We're seeing these folks come in and just do some incredible speed and change so many things inside the business very, very rapidly, particularly on the engineering front. All right, I'm going to pass over to Tish, our fearless CFO. She's going to slide in here, and we'll go through the financial results.

Leticia Dorman
CFO, Megaport

Thank you, Michael. So financial results for the half. So, a fair bit happening. We had two acquisitions, as well as the underlying business of Megaport. So what we've highlighted here within the EBITDA is largely Megaport and the Latitude acquisition. Now, Latitude, we acquired, we announced, did a capital raise early November. On the 26th of November, we closed it. So you will see one month of results in here as well. So I did want to highlight that. Revenue, I know Michael has talked about that. However, it does come through in the numbers clearly. You've got the strong expansion with NRR, with the continuing investment within the existing customer base. We've got the growth in new logo acquisitions, and those two combined results in strong revenue, plus the inclusion of the compute revenue from Latitude.

Partner commissions continues to stay relatively consistent at 11%. Direct network costs, now we've got IFRS 16 in there, which I know some of those on the call do enjoy talking to me about, so I'm always happy to talk about accounting standards with anyone. However, what we look at is across kind of a net-net basis of that, regardless of accounting treatment, because the focus of the business over the last 18 months has been that global backbone rollout to 400 gig, which has been led by North America in particular. So if you exclude IFRS 16 from both this half and last half, it's consistent. Employee costs, we've been, and I think we've hired quite a few folks, and so you will see in here that is continuing to be planned.
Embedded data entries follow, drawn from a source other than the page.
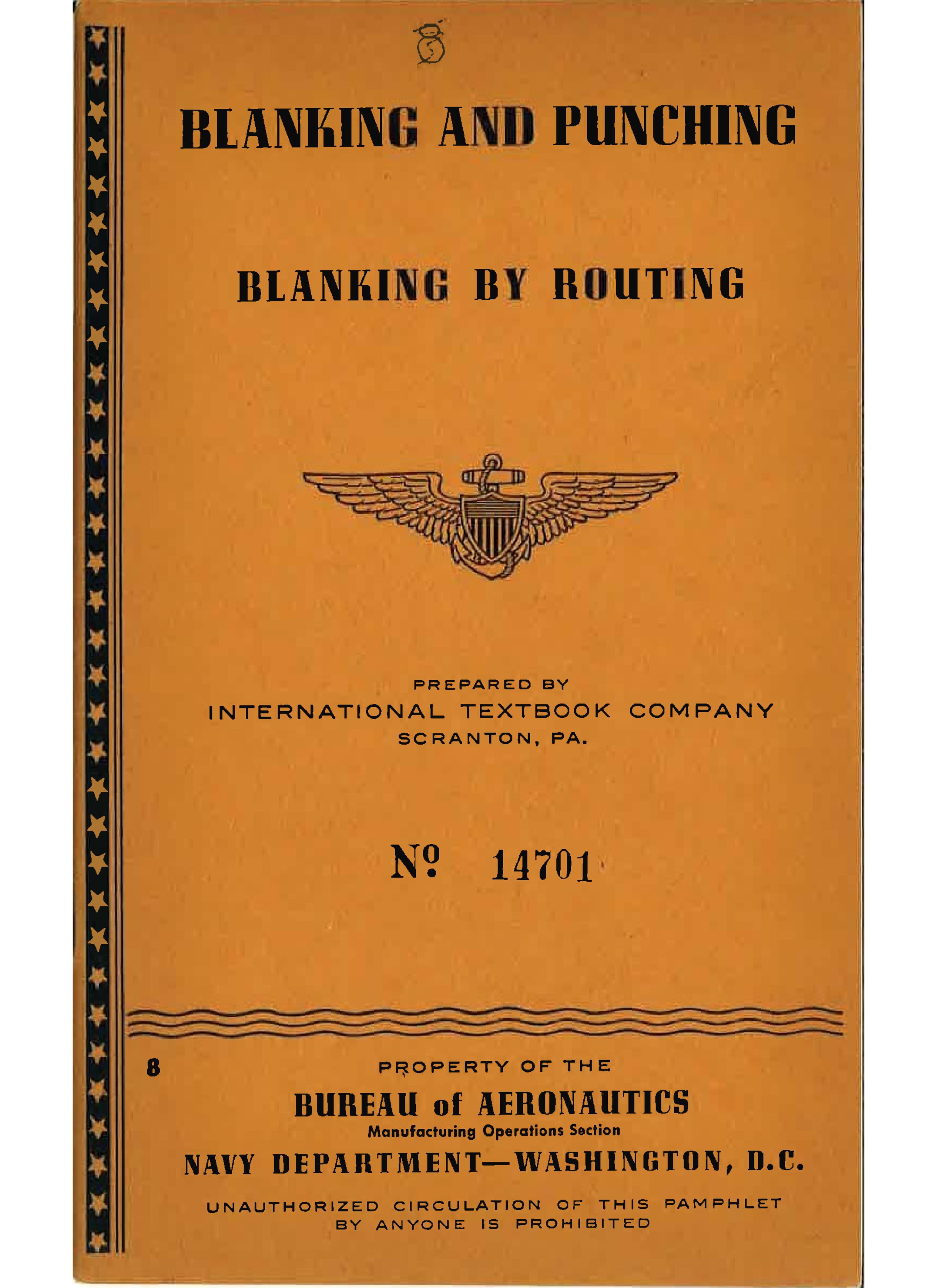 Sample page 1 from AirCorps Library document: Blanking and Punching - Blanking by Routing - Bureau of Aeronautics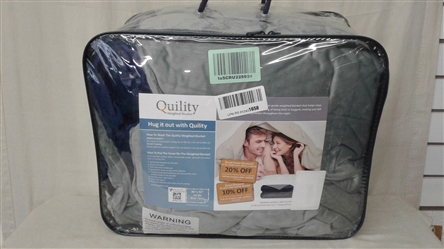 QUILITY WEIGHTED BLANKET 15LBS WITH REMOVABLE COVER 86" × 92"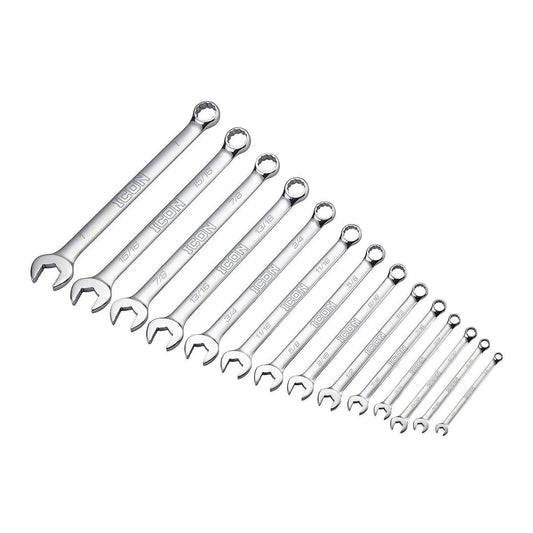Set of 14 Professional SAE Combination Wrenches with Non-Slip Grip - ICON
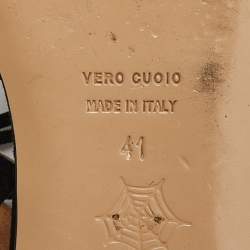 Pre Owned Charlotte Olympia Black Suede Miss Muffet Flat Sandals Size 41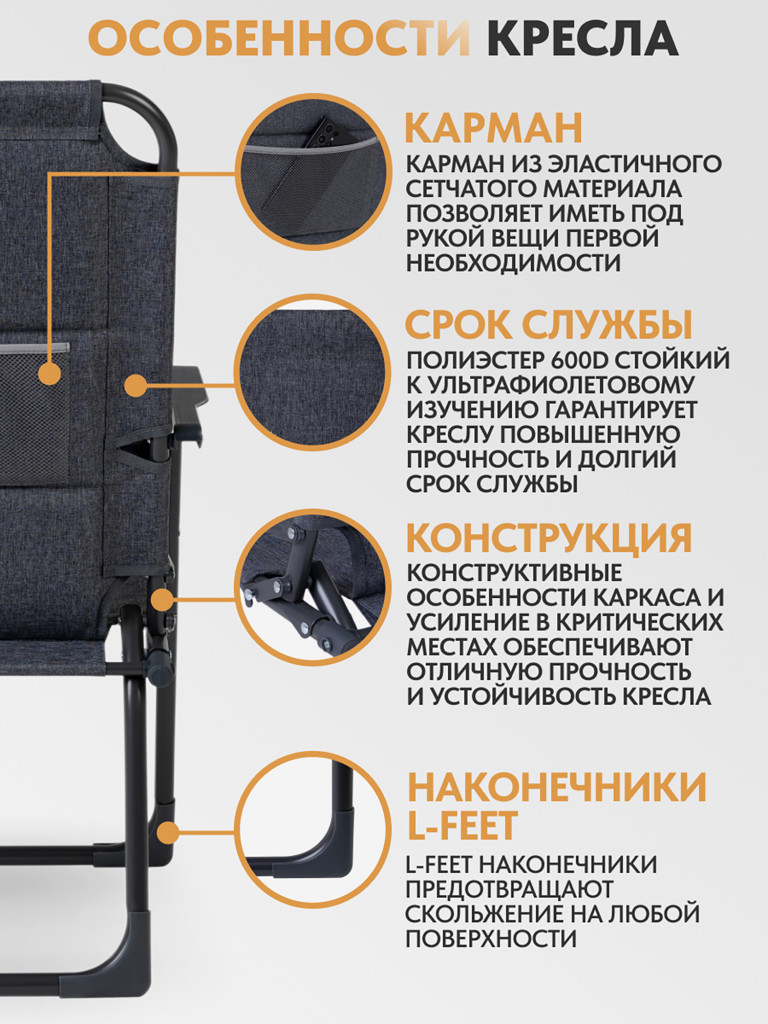 Большое кемпинговое кресло Trek Planet Presto XL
You can see that rolling through in the numbers, and that is to support the accelerated revenue growth and then the related spend associated with those, those new folks coming on board. In terms of other operating expenses, you've got your sales and marketing event activities, which you can clearly see in there, as well as travel, and some IT costs associated. Now, EBITDA is one thing to notice. Great, Tish, you've got an EBITDA margin of 26%. That does include the Latitude one month. And I just wanted to highlight that the exit margin for Megaport network business of 21% is in line with guidance and really reflects that timing of our planned investment, which we'll talk about further in the guidance slide, and happy to take any questions. However, I did want to highlight that as well.
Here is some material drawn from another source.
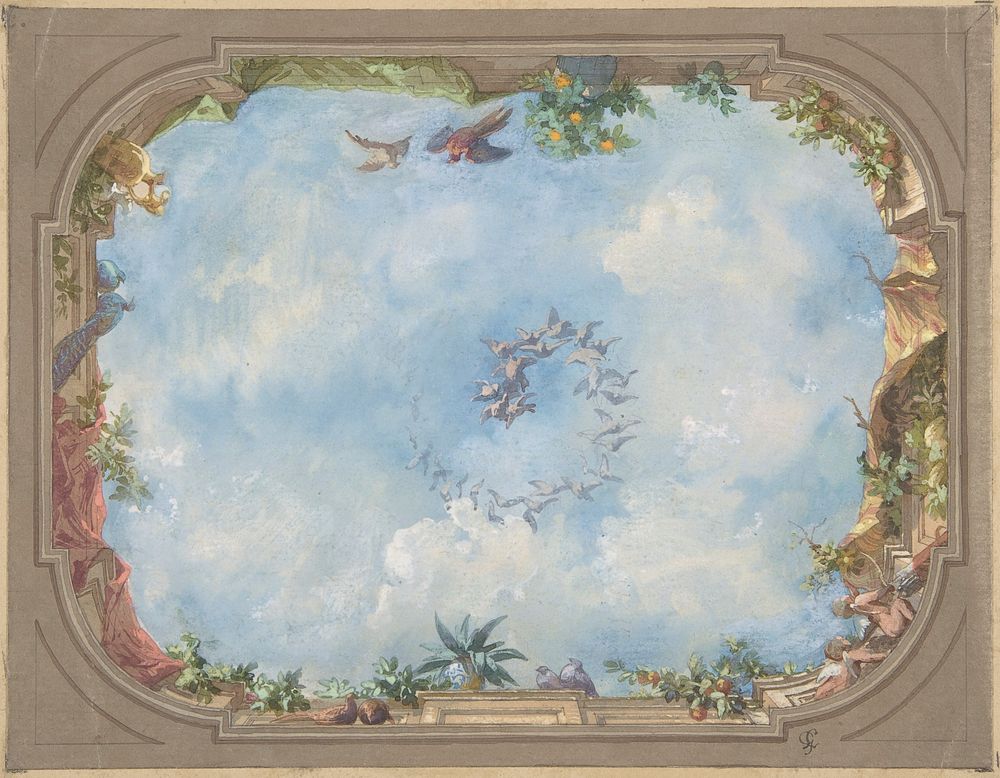 Design for Trompe l'Oeil Stairway Ceiling, Hôtel Hope by Jules Lachaise and Eugène Pierre Gourdet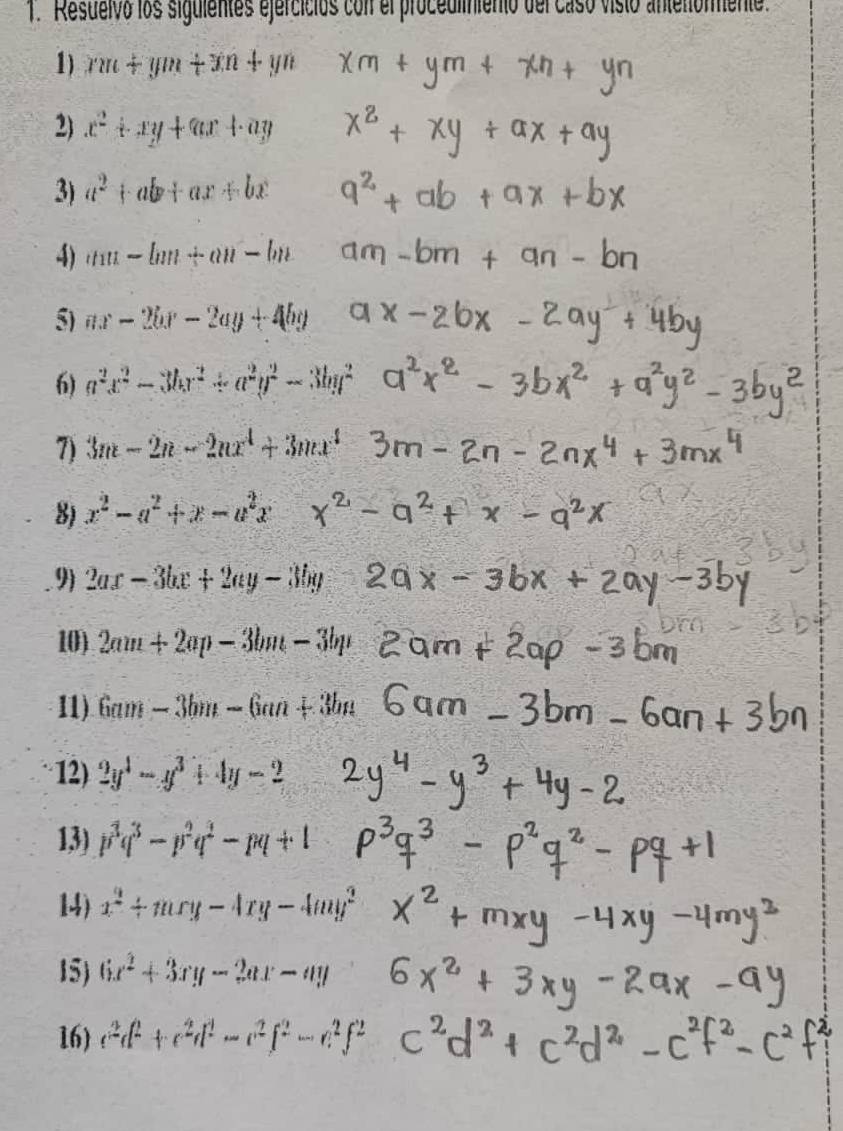 Solved: Resueivo los siguientes ejercicios con el procedlnientó del ...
Now, the cash flow, a lot of things happening in here, so I've tried to break it down clearly within the text, but I'll just go through it quickly. The operating cash inflows have increased. That is purely due to the higher customer revenues during the period and the one month of the Compute or Latitude.sh results. The investing activities, you've got some acquisition payments, and you've got also the CapEx payments, which are related to the planned delivery of equipment. Within the appendix, we've provided the breakdown for CapEx for the group, so you can clearly see what that has been on, and you will see that it's to do with supporting the expansion plans, and including the planned delivery.

Financing activity inflows, you can clearly see that that's largely driven by the capital raise that we provided earlier in the year, late, late last year. One thing to highlight is the net cash flow was an outflow, if you ignore all of the capital raising and acquisition activities, was an outflow of AUD 10 million or under AUD 10 million. Now, that reflects the planned expansion, hiring of the go-to-market, as well as the CapEx spend and the investment in the front-ending of the ordering of equipment. So that is one thing I do want to highlight to the group. We've talked around headcount previously, particularly at last, at the last year-end time that we came to talk to you. We've got here the sales and marketing continues to be a clear activity that we invest in, at, and that's moving upwards, continues to.
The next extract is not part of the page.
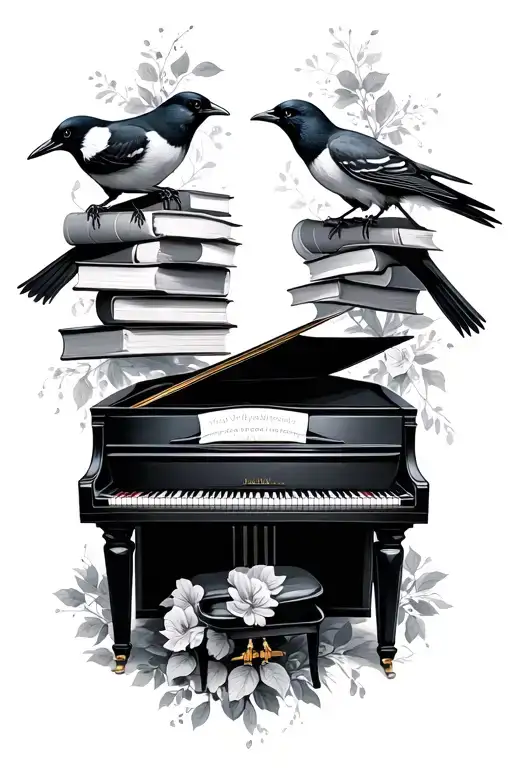 grand piano, books and 2 magpies tattoo design idea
Product and engineering is a big focus area, particularly with Cam hiring across the world, hiring the right talent. G&A continues to stay steady as a percentage of revenue. This is how we look at the investment of the business for headcount, and this is just Megaport standalone at this point. I'm going to hand back to Michael. I've done a quick snapshot of financials, but over to you.

Michael Reid
CEO, Megaport

Beautiful. Great job. Thank you, Tish. All right, so we're going to go through the acquisition and strategic update. So this is where we're going to look at some of the strategy around the business, and also talk through a bit more detail on the acquisition. We're gonna run a bit longer than normal, just because there's a lot to go through. The first slide is something that I, I probably didn't expect to be adding to the deck, but this is a lot of inbound questions. These two questions have been coming, certainly with the way markets have moved, and sort of everyone's trying to wrap their head around, I think, the, are you a company that benefits from AI, and are you a company that can be disrupted, rapidly by AI?

I just wanted to sort of draw this for all shareholders and anyone that's either new to Megaport or even knows us well. First question, I'm gonna sort of just, you know, point this out: Is AI benefiting Megaport? The answer is yes, and that is why you've seen such outstanding results in that first half, particularly driven in the United States. AI is very, very strong there, and the rest of the world is sort of starting to catch up, but really, in the US, it's cooking with gas. It is providing what is a very strong tailwind for us. So AI is driving significant movement of data.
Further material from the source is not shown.